Denial

The Wikimedia Foundation, stewards of the finest projects on the web, have written about the hammering their servers are taking from the scraping bots that feed large language models.

Our infrastructure is built to sustain sudden traffic spikes from humans during high-interest events, but the amount of traffic generated by scraper bots is unprecedented and presents growing risks and costs.

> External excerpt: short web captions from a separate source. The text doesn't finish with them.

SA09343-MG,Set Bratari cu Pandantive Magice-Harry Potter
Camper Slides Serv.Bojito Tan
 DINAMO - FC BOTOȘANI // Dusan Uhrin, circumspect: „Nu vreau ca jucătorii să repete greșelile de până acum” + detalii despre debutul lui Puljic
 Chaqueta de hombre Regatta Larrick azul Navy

Drew DeVault puts it more bluntly, saying Please stop externalizing your costs directly into my face:

Over the past few months, instead of working on our priorities at SourceHut, I have spent anywhere from 20-100% of my time in any given week mitigating hyper-aggressive LLM crawlers at scale.

And no, a robots.txt file doesn’t help.

If you think these crawlers respect robots.txt then you are several assumptions of good faith removed from reality. These bots crawl everything they can find, robots.txt be damned.

Free and open source projects are particularly vulnerable. FOSS infrastructure is under attack by AI companies:

LLM scrapers are taking down FOSS projects’ infrastructure, and it’s getting worse.

You try to do the right thing by making knowledge and tools freely available. This is how you get repaid. AI bots are destroying Open Access:

There’s a war going on on the Internet. AI companies with billions to burn are hard at work destroying the websites of libraries, archives, non-profit organizations, and scholarly publishers, anyone who is working to make quality information universally available on the internet.

My own experience with The Session bears this out.

Ars Technica has a piece on this: Open source devs say AI crawlers dominate traffic, forcing blocks on entire countries .

So does MIT Technology Review: AI crawler wars threaten to make the web more closed for everyone.

When we talk about the unfair practices and harm done by training large language models, we usually talk about it in the past tense: how they were trained on other people’s creative work without permission. But this is an ongoing problem that’s just getting worse.

The worst of the internet is continuously attacking the best of the internet. This is a distributed denial of service attack on the good parts of the World Wide Web.

If you’re using the products powered by these attacks, you’re part of the problem. Don’t pretend it’s cute to ask ChatGPT for something. Don’t pretend it’s somehow being technologically open-minded to continuously search for nails to hit with the latest “AI” hammers.

If you’re going to use generative tools powered by large language models, don’t pretend you don’t know how your sausage is made.

Have you published a response to this? :

Responses

Ethan Marcotte

“When we talk about the unfair practices and harm done by training large language models, we usually talk about it in the past tense: how they were trained on other people’s creative work without permission. But this is an ongoing problem that’s just getting worse.” — @adactio, https://adactio.com/journal/21831

Denial

Juho Vepsäläinen

Do you think the development could threaten the open web? I wonder what the implications will be for content producers.

Amber Weinberg

On @adactio latest post, he said it so well:

“If you’re using the products powered by these attacks, you’re part of the problem. Don’t pretend it’s cute to ask ChatGPT for something. Don’t pretend it’s somehow being technologically open-minded to continuously search for nails to hit with the latest “AI” hammers.”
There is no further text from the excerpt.